企業整備に伴い転廃業者に対する所謂実績補償共助金交付の為、同業者団体などに於て国民更正金庫から借受けた共助資金の整理に関しては、すでに国策が決定して居るので其の整理の必要性については今更申述ぶる事もないが其の整理の方法については特に意見を申述べて当局の特別の御考慮を要望する次第である。

先ず此の整理について特に注意を要することは、

一、此の共助金は政府の指示に基いて実行されたものであって、残存企業者が転廃業者の実績を継承し、残存業者のみが生産を維持し得る統制経済を前提としているので、終戦後企業許可制が廃止せられ、何人も自由に企業を営むことの出来る様になった今日に於ては、此の共助金の存在は根底から解消して来た訳であり、共助資金の返還義務を存続せしむる事は不合理である。

二、共助主体である同業者団体等の大部分は総動員法の廃止伴う重要産業団体令及統制会社令の失効、商工組合法の廃止、連合国最高司令部の解散命令、取扱物資に関する配給統制の廃止等の為め名実ともに解散して、共助資金の返還を為さしむることが事実上不可能であるか、又は引続き存続しているものでも金融緊急措置令、会社経理応急措置法、企業再建整備法及戦時補償特別措置法等の施行または取扱物資の需給状況其の他の事情に依って償還は困難と認められる。

右の理由から見て本整理の方法は借受主体の経理内容を審査の上左記原則により減免の措置を講ずることが最も妥当と考える、

(1) 償還見込の立ちにくいものはこの際全額を免除すること。

(2) 一部分につき償還能力を有するものについては、其の限度内で償還せしめて其の残額を免除すること。

(3) 貸付條件の緩和に依り償還が可能であり且つ容易であるものに対しては此の際條件の変更を認むること。

(4) 償還を為さしむる場合左の点に注意する。

イ、資本金、出資金は償還財源としないこと(特別経理会社となってみるものについても同様のこと。

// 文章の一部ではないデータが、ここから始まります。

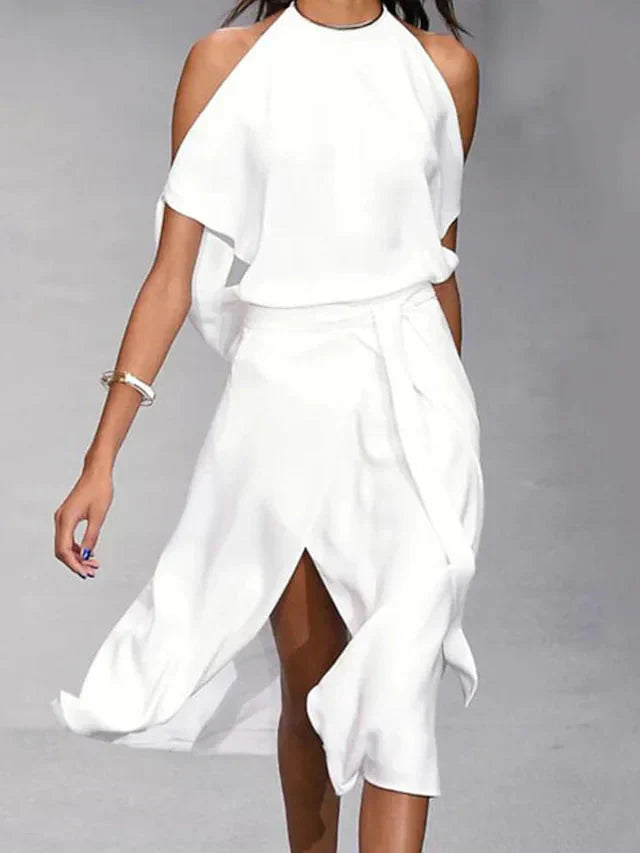 Tina | Women's Sleeveless Wrap Midi Dress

)

ロ、借入主体の理事者等のなした連帯保証は追求しないこと。

註、右理事者等の債務は、単に善良な管理者と言う意味名義上の責任者となったのであって、其の連帯保証を追求しないことは契約当初からの約束であった。

ハ、債権は民法又は商法に依る一般債権に後れて行使することが出来ることとし破産財団に対しては債権を抛棄すること。

以上
(備考) 本要望は商工協同組合中央会と協力して得たる成案である。